● INSTRUCTIONS FOR THE TASK: Produce a verbatim transcription of the records below, beginning at the line containing "Lynne Abstract White/" and ending at the final line; include only those lines.

== SUPPLIED MATERIAL ==

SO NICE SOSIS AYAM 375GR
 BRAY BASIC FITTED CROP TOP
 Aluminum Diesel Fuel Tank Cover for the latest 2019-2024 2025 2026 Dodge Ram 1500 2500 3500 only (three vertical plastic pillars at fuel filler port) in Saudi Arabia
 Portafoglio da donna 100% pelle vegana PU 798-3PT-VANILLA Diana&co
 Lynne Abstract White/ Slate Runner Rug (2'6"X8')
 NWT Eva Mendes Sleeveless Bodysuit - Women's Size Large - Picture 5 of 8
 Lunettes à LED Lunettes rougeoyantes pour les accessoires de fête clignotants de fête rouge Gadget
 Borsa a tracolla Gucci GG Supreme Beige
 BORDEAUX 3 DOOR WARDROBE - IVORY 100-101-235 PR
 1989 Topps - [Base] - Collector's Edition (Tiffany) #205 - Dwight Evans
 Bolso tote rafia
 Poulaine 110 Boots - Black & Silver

===

● TASK RESPONSE:
 Lynne Abstract White/ Slate Runner Rug (2'6"X8')
 NWT Eva Mendes Sleeveless Bodysuit - Women's Size Large - Picture 5 of 8
 Lunettes à LED Lunettes rougeoyantes pour les accessoires de fête clignotants de fête rouge Gadget
 Borsa a tracolla Gucci GG Supreme Beige
 BORDEAUX 3 DOOR WARDROBE - IVORY 100-101-235 PR
 1989 Topps - [Base] - Collector's Edition (Tiffany) #205 - Dwight Evans
 Bolso tote rafia
 Poulaine 110 Boots - Black & Silver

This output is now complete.